**What you need to do:**
From the line containing "動作品⁄ROLAND⁄MC-80⁄マイク" down to the last line of the listing, quote everything word for word, and nothing else, keeping pictures out.

**Dataset excerpts:**
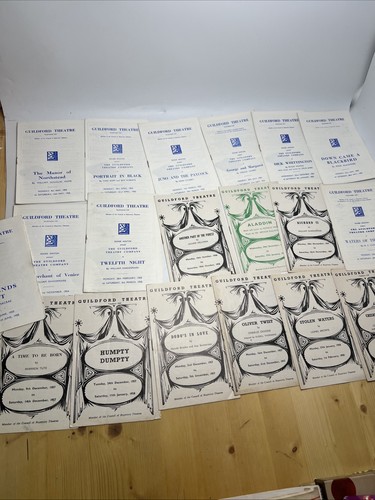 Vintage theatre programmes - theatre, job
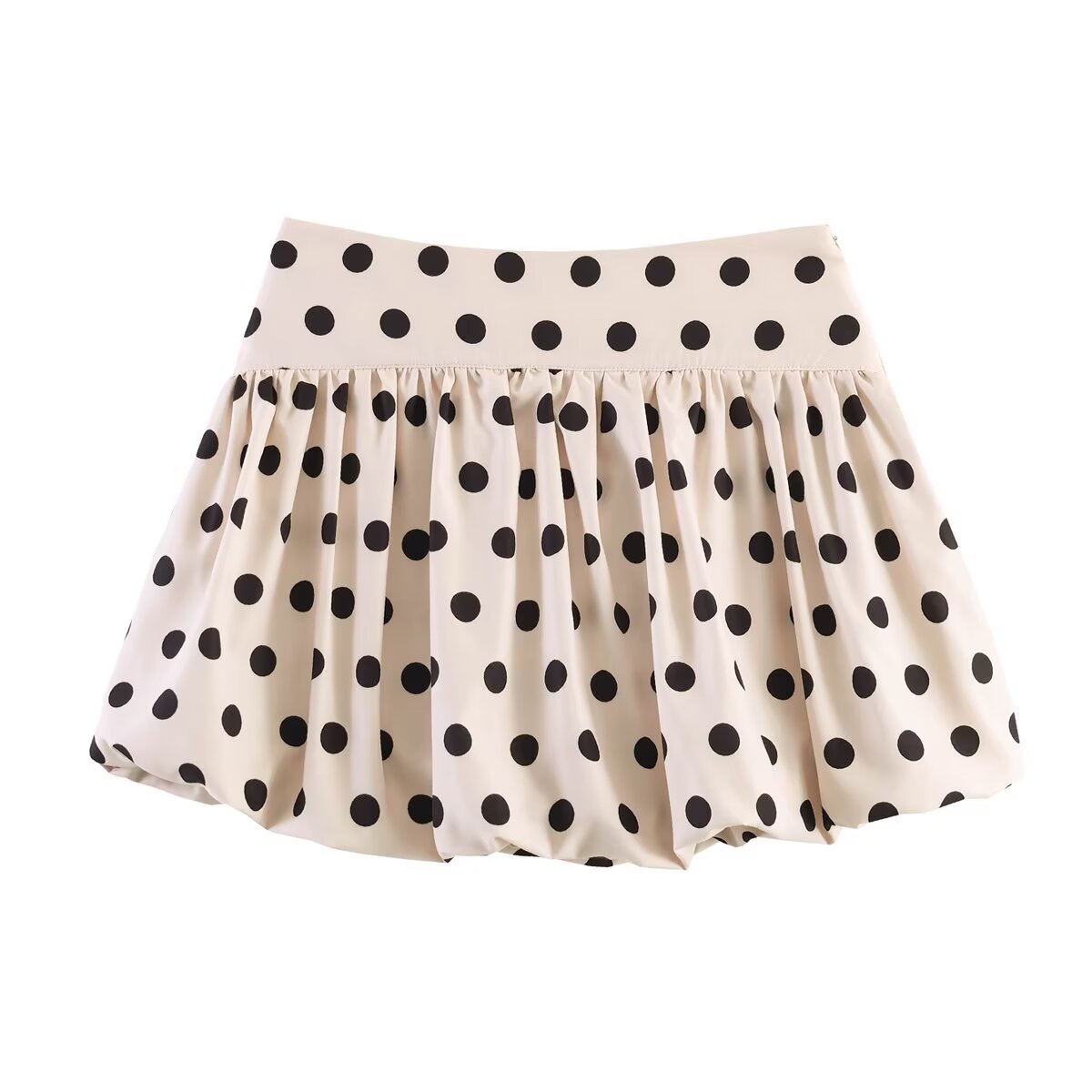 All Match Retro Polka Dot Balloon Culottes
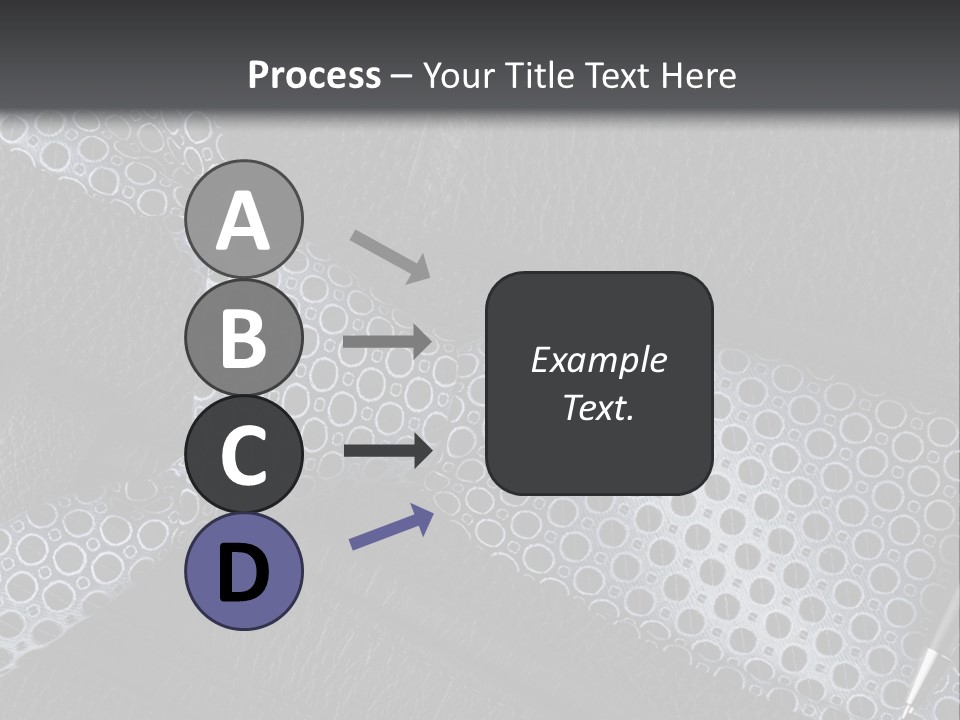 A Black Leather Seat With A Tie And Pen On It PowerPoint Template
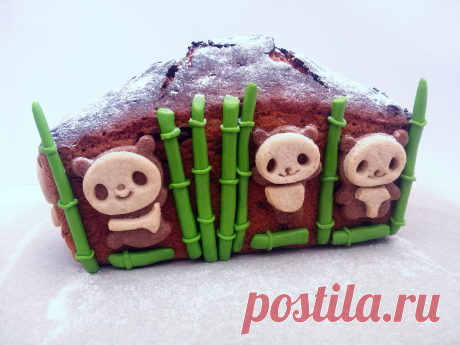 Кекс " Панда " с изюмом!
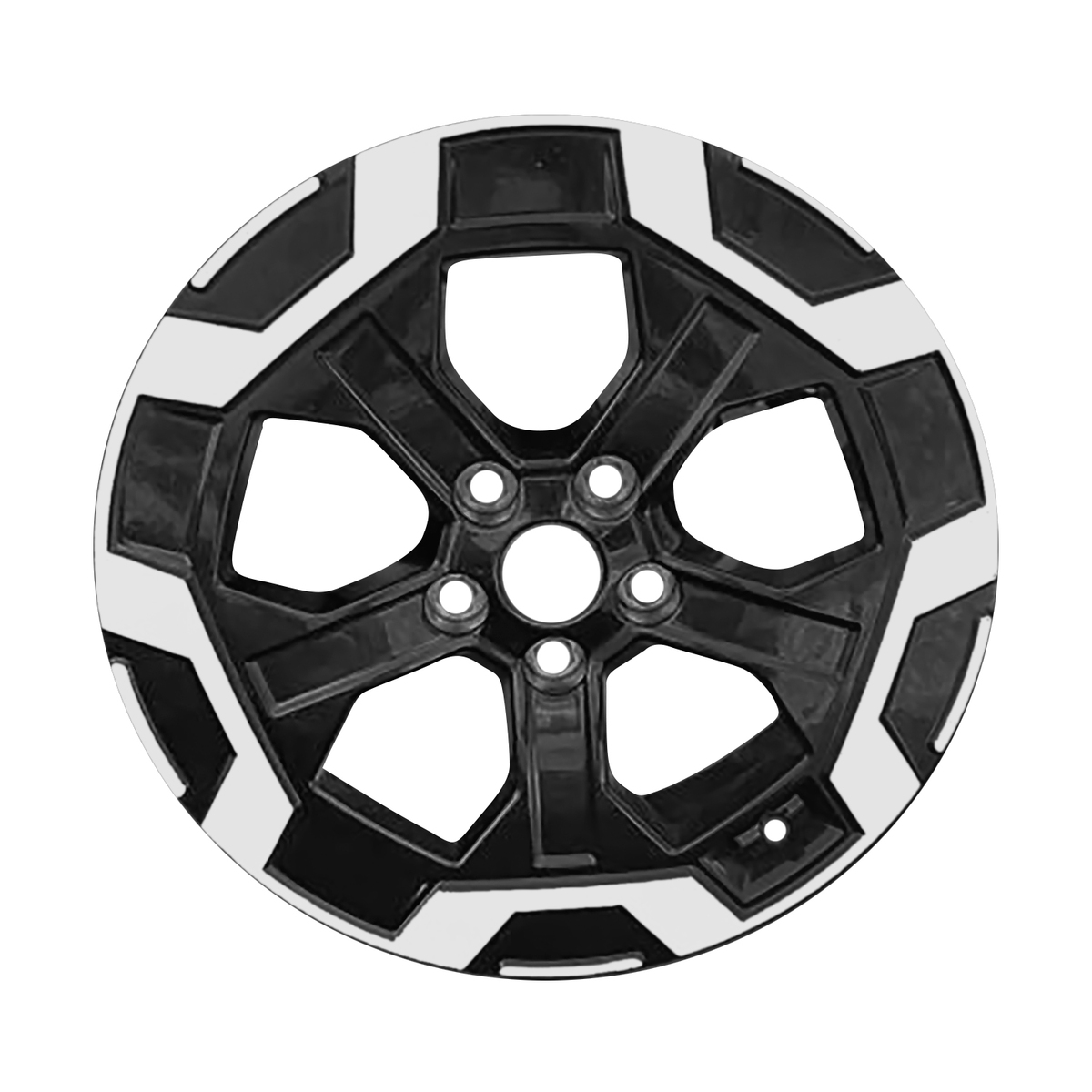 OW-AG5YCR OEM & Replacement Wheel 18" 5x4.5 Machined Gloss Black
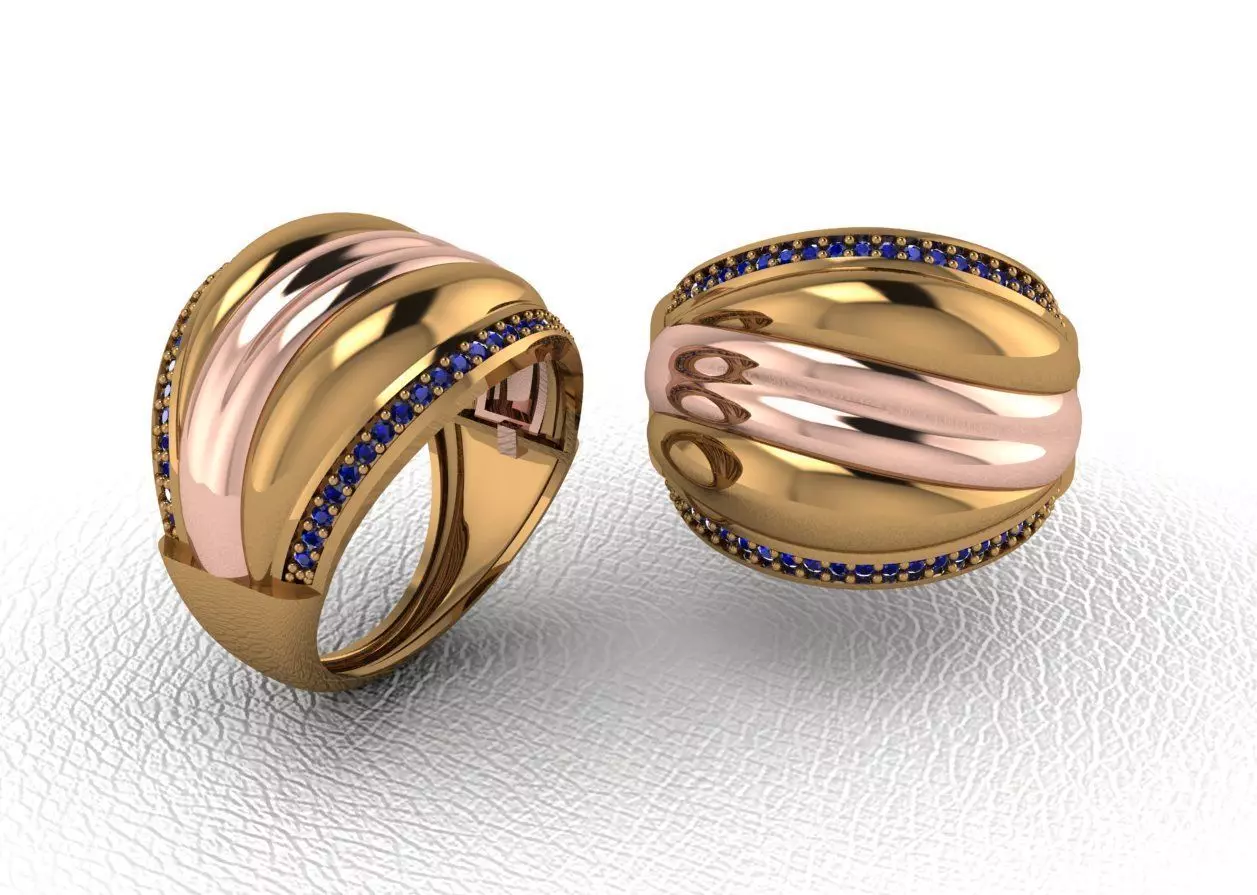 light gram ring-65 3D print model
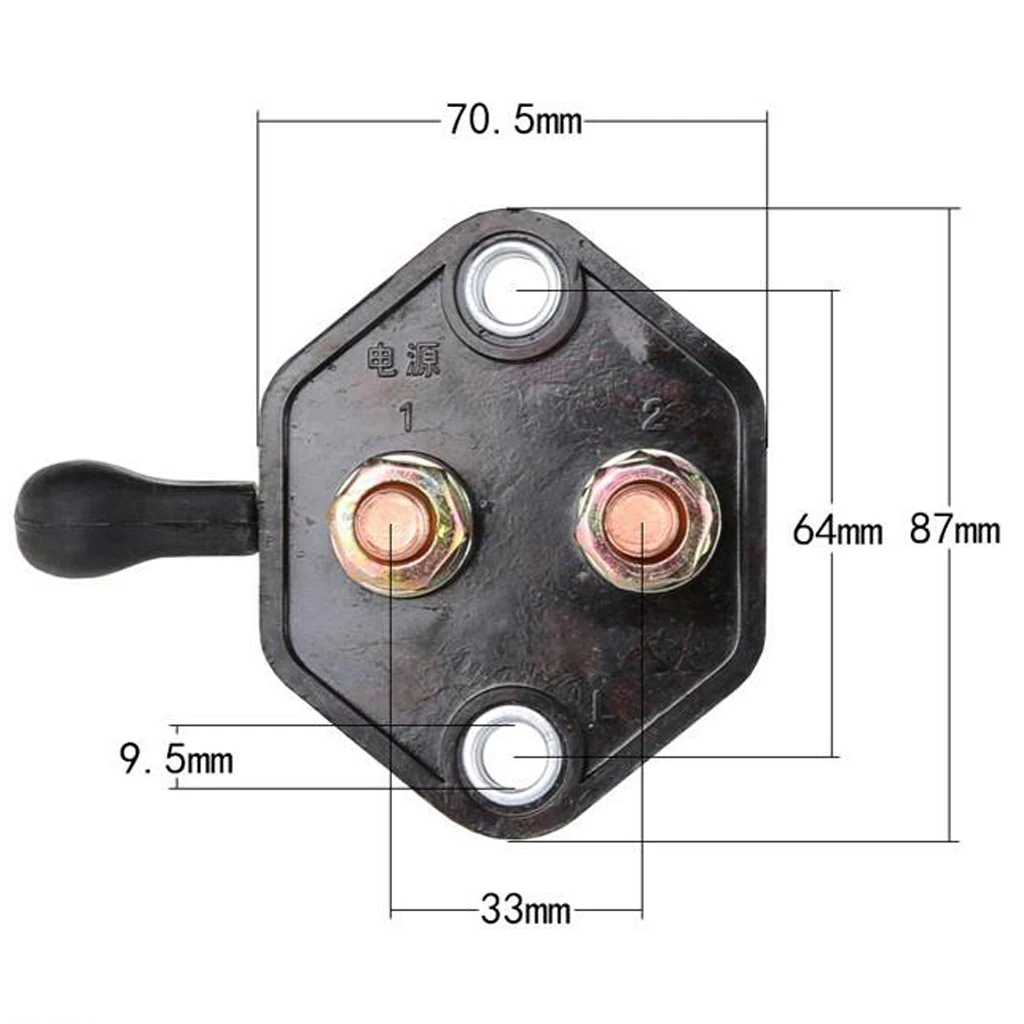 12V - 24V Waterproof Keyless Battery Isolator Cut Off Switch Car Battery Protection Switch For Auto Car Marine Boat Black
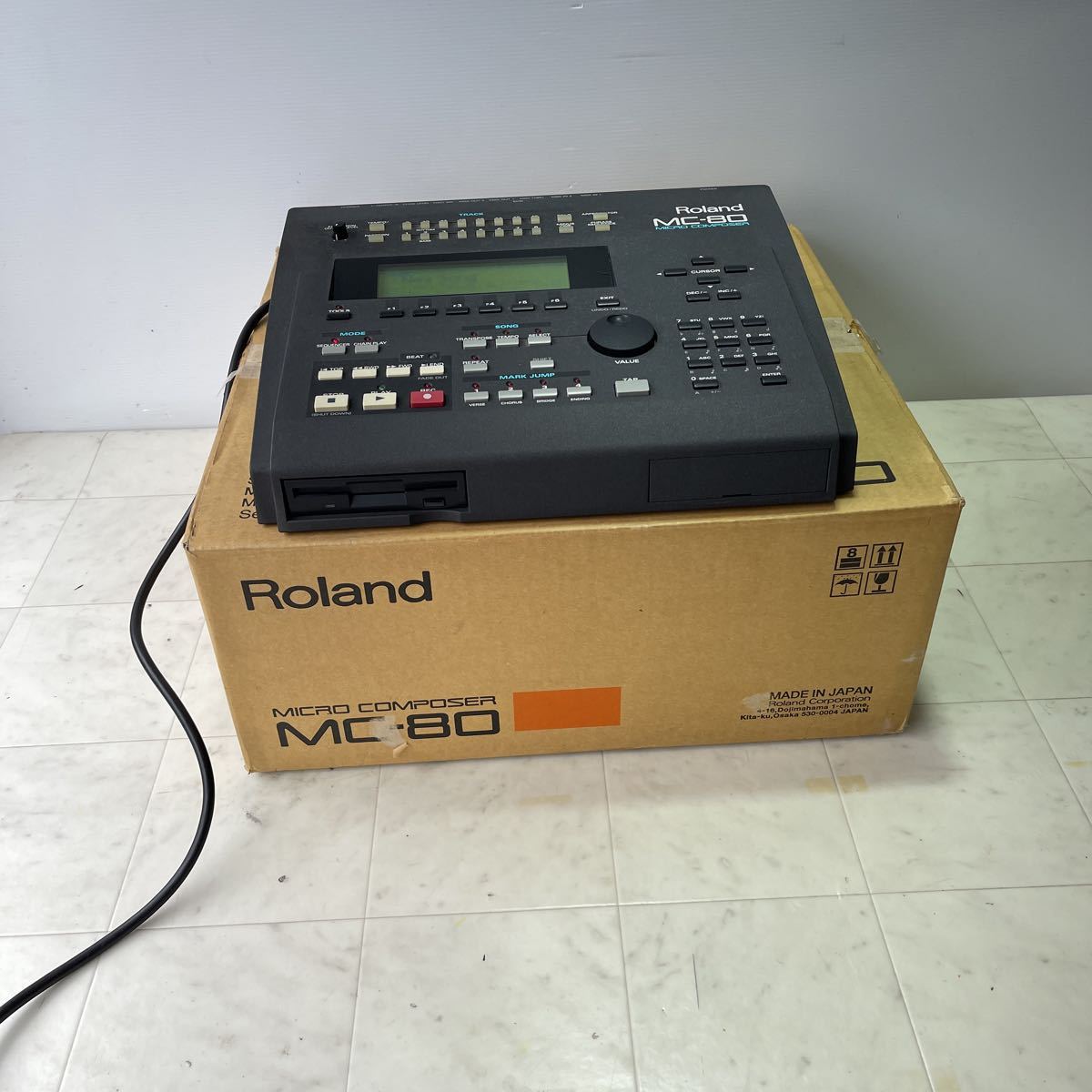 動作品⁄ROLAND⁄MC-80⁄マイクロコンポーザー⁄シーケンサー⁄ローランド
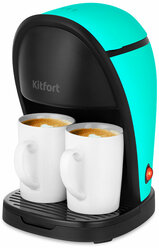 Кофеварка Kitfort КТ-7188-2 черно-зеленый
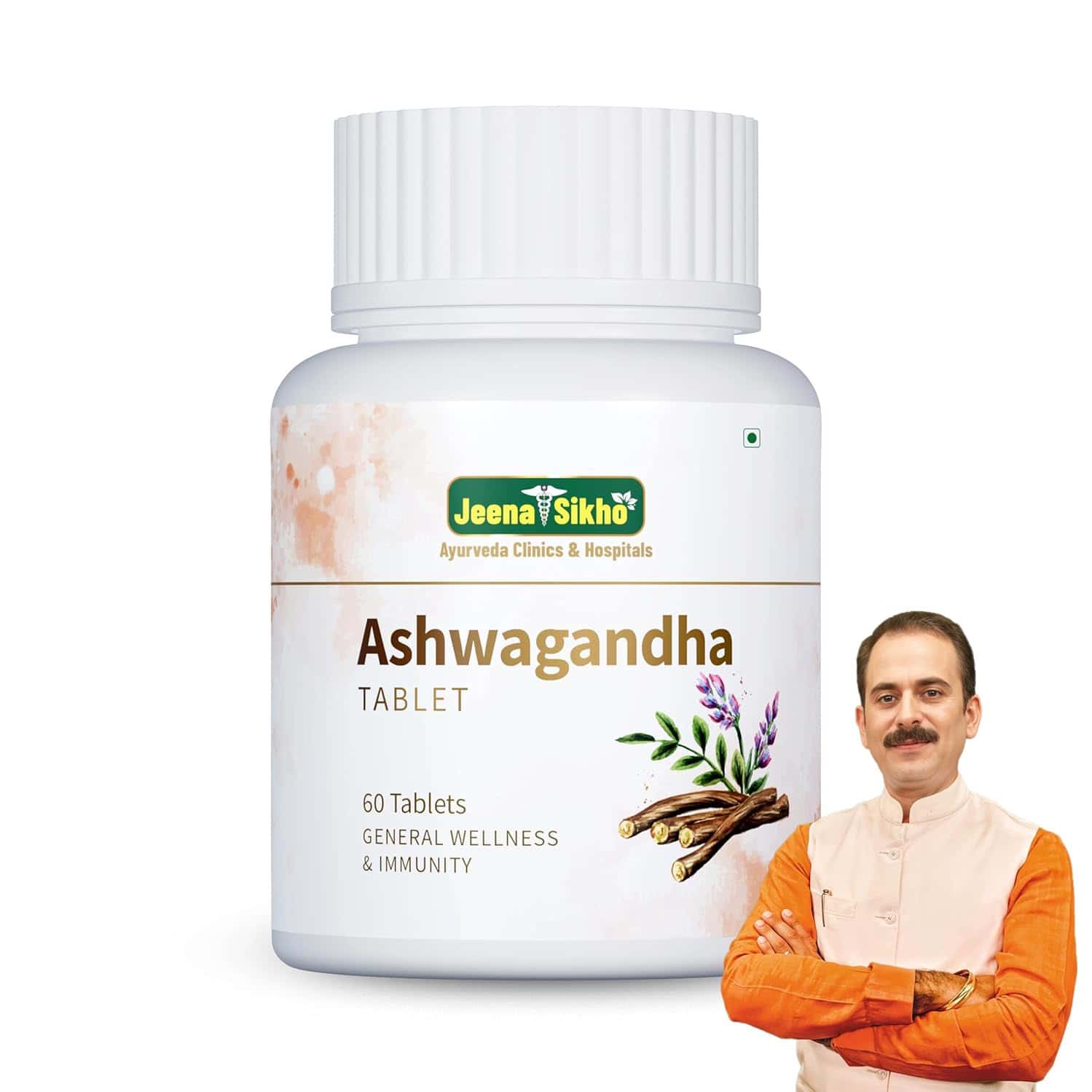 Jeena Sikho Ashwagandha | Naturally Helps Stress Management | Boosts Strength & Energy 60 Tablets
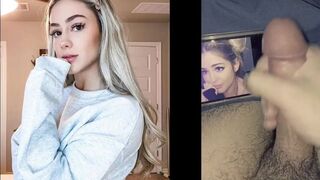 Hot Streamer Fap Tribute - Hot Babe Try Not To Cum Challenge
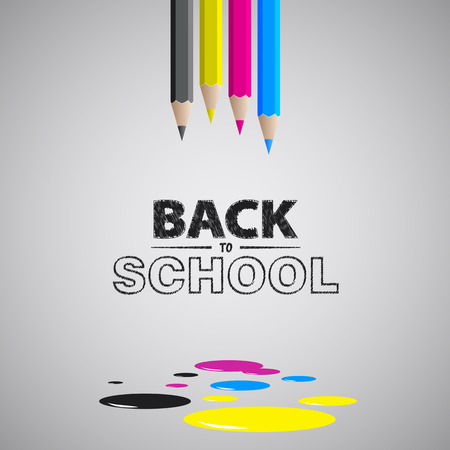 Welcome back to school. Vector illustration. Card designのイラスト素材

**Solution to the problem:**
 動作品⁄ROLAND⁄MC-80⁄マイクロコンポーザー⁄シーケンサー⁄ローランド
 Кофеварка Kitfort КТ-7188-2 черно-зеленый
 Jeena Sikho Ashwagandha | Naturally Helps Stress Management | Boosts Strength & Energy 60 Tablets
 Hot Streamer Fap Tribute - Hot Babe Try Not To Cum Challenge
 Welcome back to school. Vector illustration. Card designのイラスト素材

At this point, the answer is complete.